* [Task description] Print all the data that follows exactly, images excluded.

* [Collected material]

----

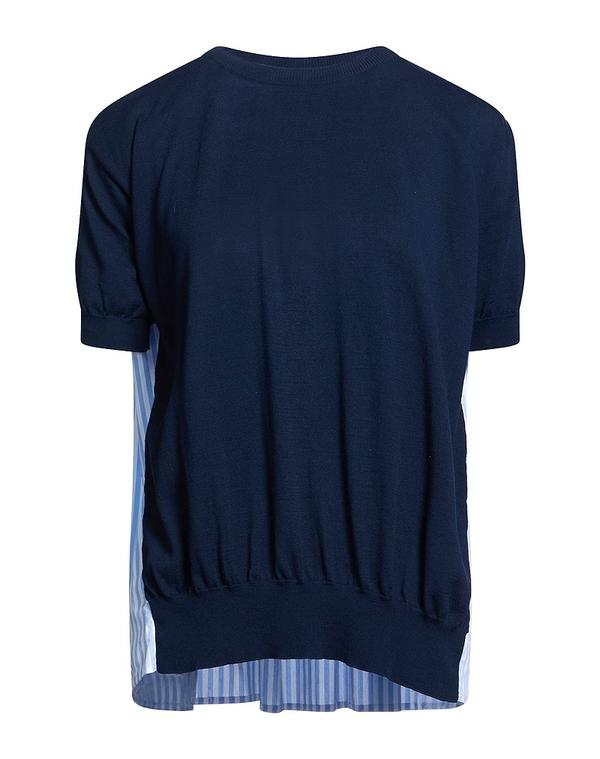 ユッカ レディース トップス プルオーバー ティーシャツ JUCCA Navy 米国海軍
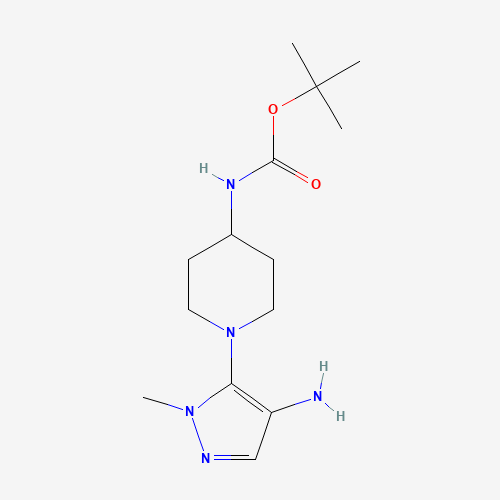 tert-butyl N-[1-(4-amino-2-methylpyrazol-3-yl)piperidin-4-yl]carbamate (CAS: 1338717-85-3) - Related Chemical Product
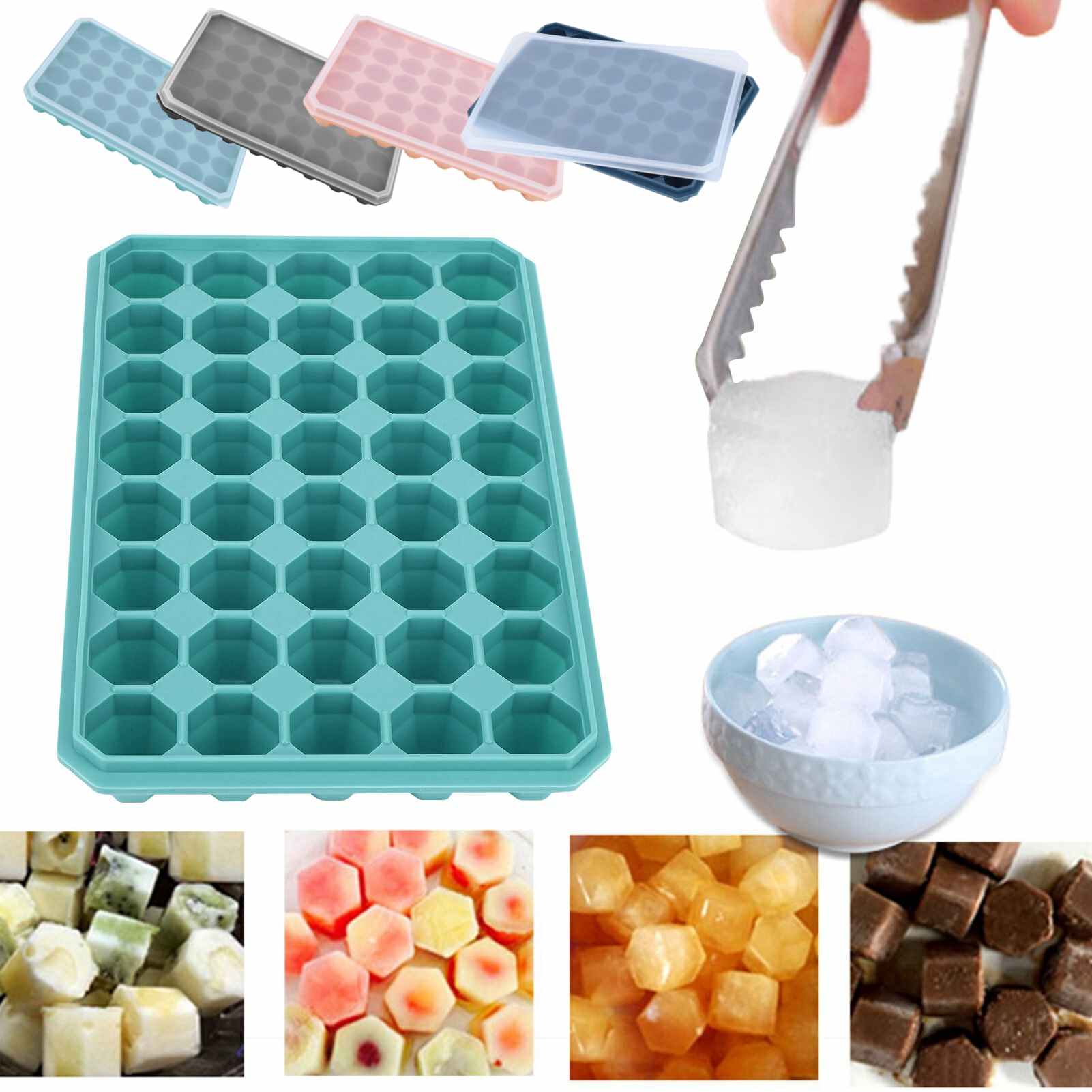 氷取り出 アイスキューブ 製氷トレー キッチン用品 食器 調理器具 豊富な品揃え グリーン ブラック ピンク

----

* [Exercise result]
 ユッカ レディース トップス プルオーバー ティーシャツ JUCCA Navy 米国海軍
 tert-butyl N-[1-(4-amino-2-methylpyrazol-3-yl)piperidin-4-yl]carbamate (CAS: 1338717-85-3) - Related Chemical Product
 氷取り出 アイスキューブ 製氷トレー キッチン用品 食器 調理器具 豊富な品揃え グリーン ブラック ピンク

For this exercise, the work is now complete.